> _Input for this task_
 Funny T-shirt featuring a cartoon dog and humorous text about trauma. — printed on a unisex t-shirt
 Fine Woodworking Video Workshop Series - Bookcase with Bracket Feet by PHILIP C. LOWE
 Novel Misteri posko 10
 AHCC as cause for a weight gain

...

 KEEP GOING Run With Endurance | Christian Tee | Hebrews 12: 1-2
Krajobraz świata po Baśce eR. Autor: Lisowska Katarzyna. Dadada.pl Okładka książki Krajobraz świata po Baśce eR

--

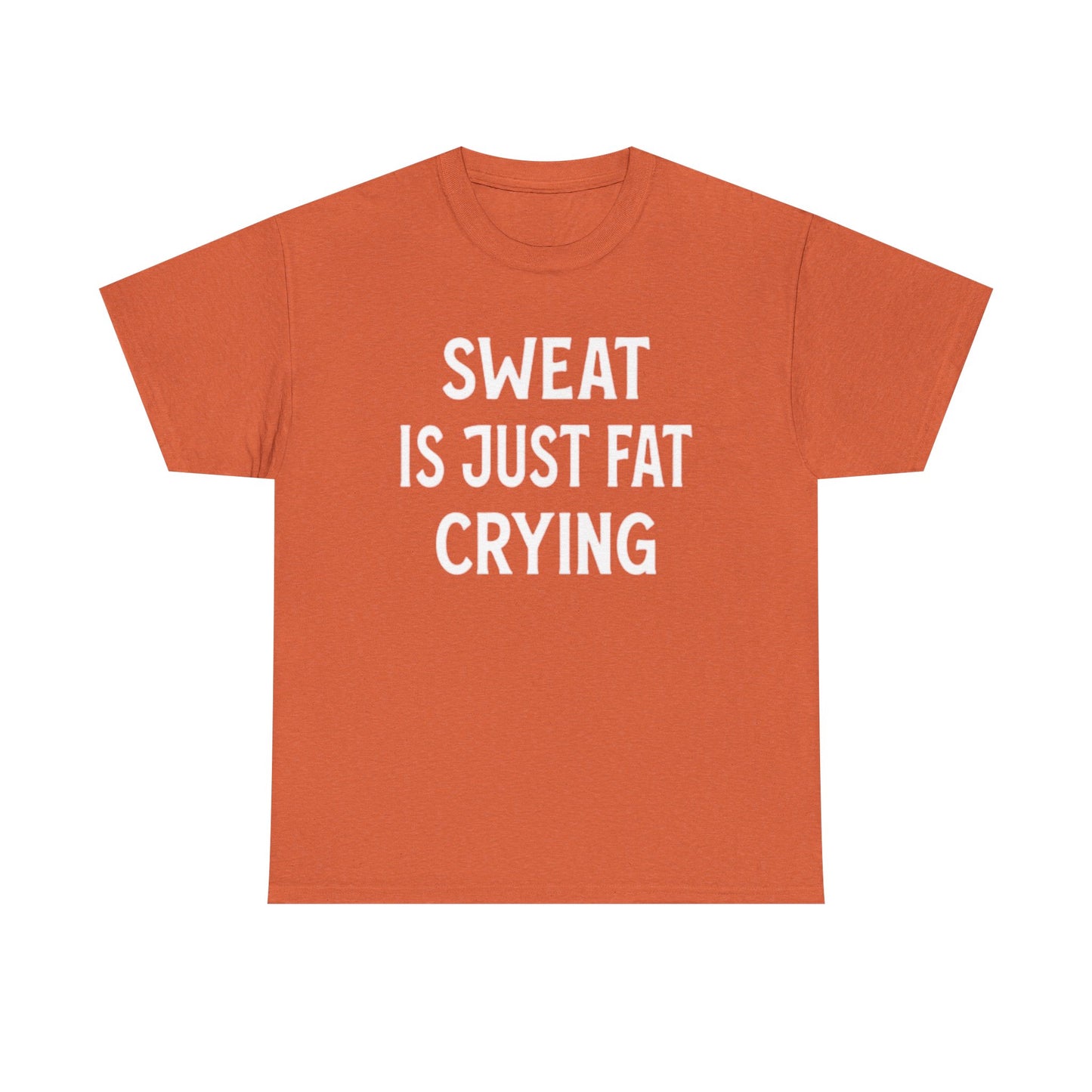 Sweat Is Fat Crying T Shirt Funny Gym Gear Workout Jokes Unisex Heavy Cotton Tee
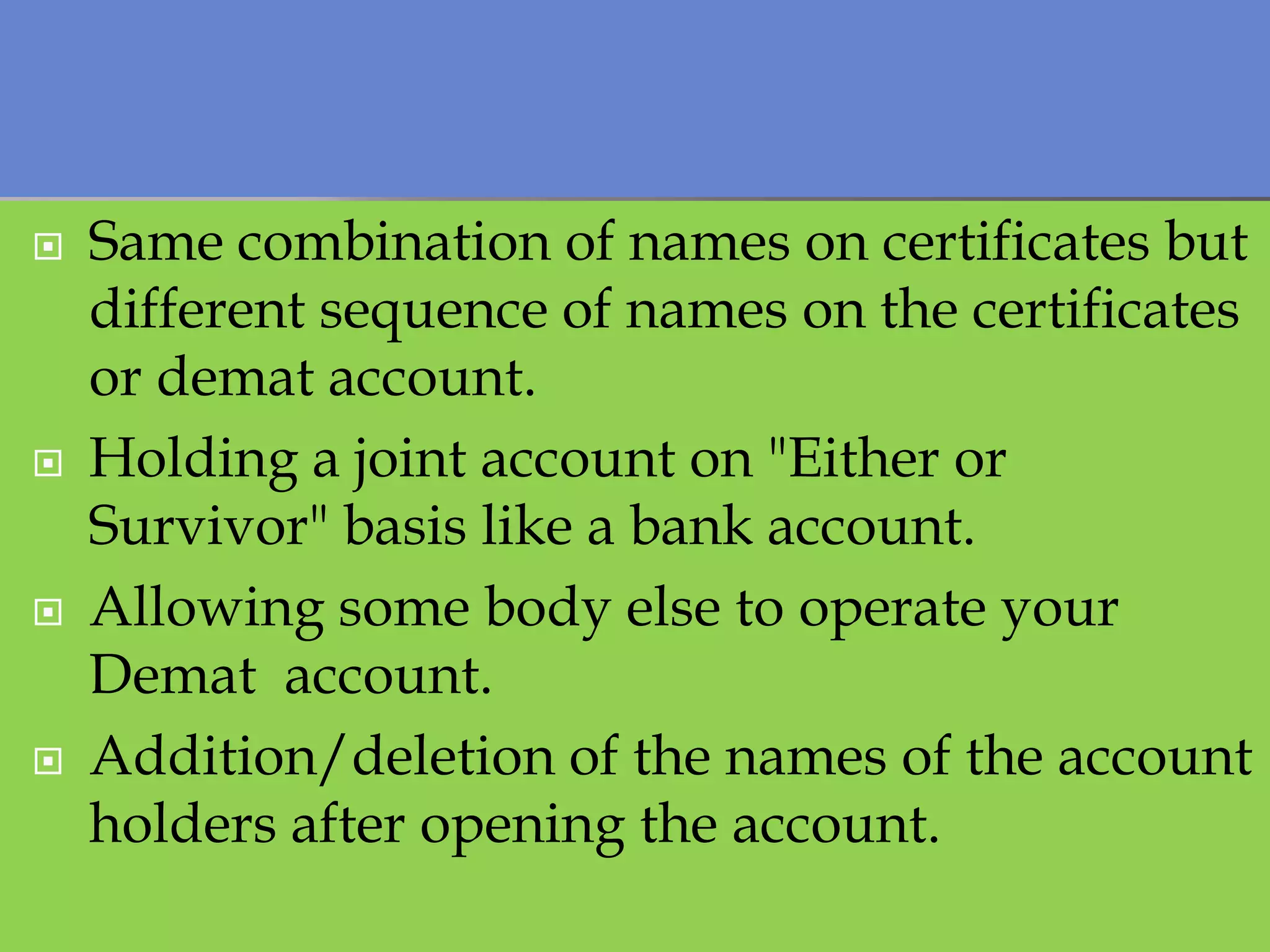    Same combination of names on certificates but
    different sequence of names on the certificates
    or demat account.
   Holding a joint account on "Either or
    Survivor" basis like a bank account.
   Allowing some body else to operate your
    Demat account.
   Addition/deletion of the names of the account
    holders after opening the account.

> _Work order_
Take the listing above and repeat exactly the lines from the one containing "Funny T-shirt featuring" through the one containing "AHCC as cause for a weight gain", both included.

> _Output for this task_
 Funny T-shirt featuring a cartoon dog and humorous text about trauma. — printed on a unisex t-shirt
 Fine Woodworking Video Workshop Series - Bookcase with Bracket Feet by PHILIP C. LOWE
 Novel Misteri posko 10
 AHCC as cause for a weight gain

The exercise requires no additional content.